[Your assignment] None of the pictures should be copied, though every line of the listing must be printed exactly.

[Given data]
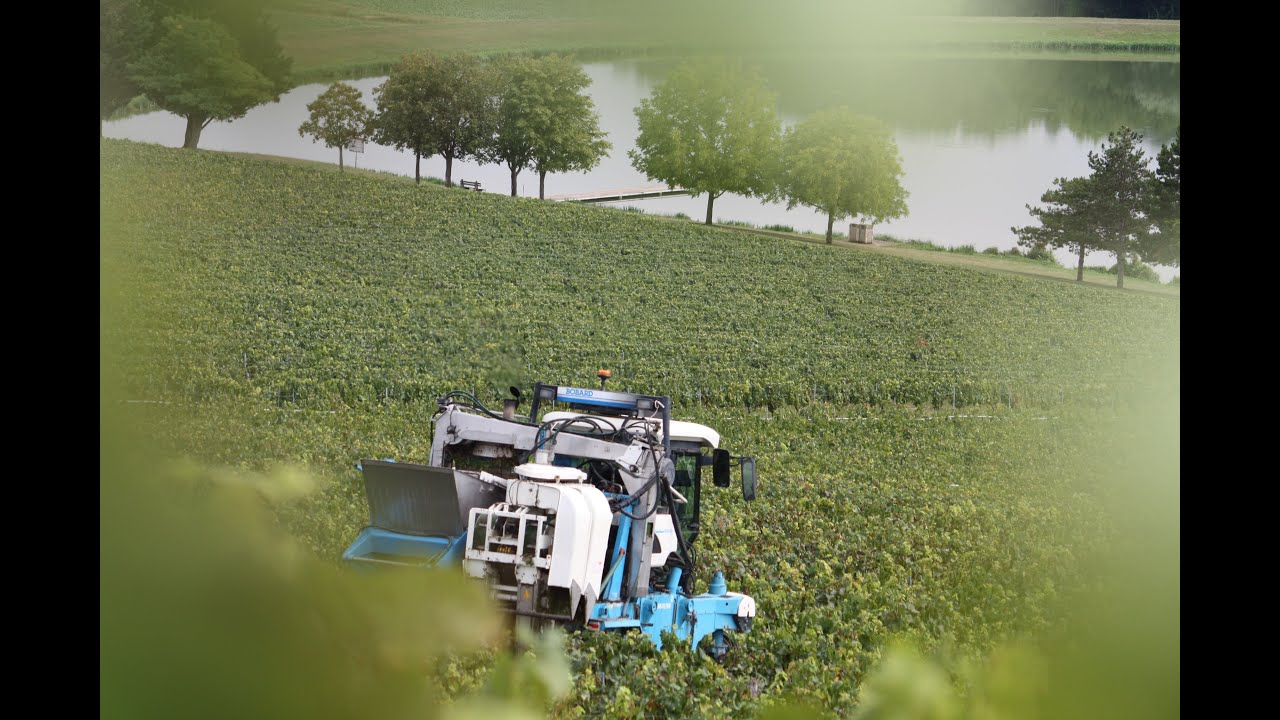 Vendanges 2023 dans le chablisien 🍇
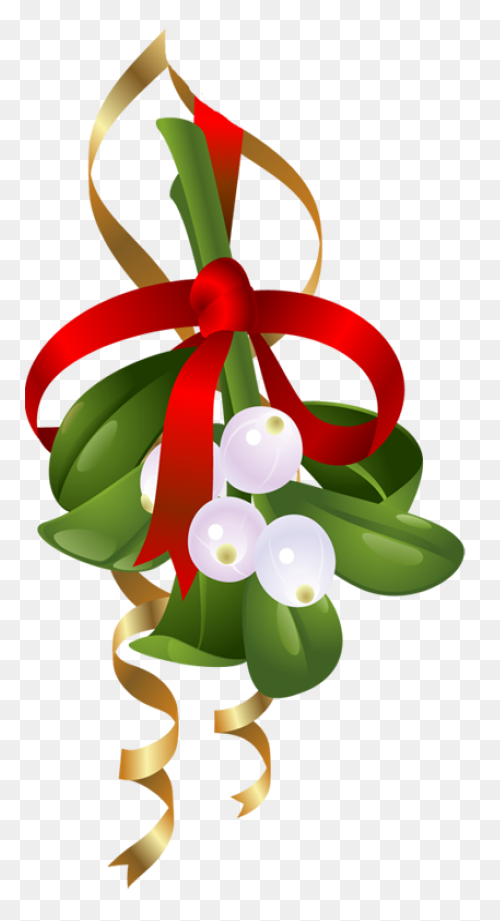 Free Png Christmas Holly Mistletoe 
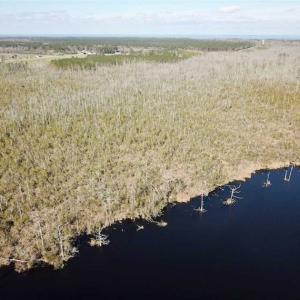 Photo of SOLD!!  220 Acres of Hunting Land for Sale in Tyrrell County NC!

[Solution to this problem]
 Vendanges 2023 dans le chablisien 🍇
 Free Png Christmas Holly Mistletoe 
 Photo of SOLD!!  220 Acres of Hunting Land for Sale in Tyrrell County NC!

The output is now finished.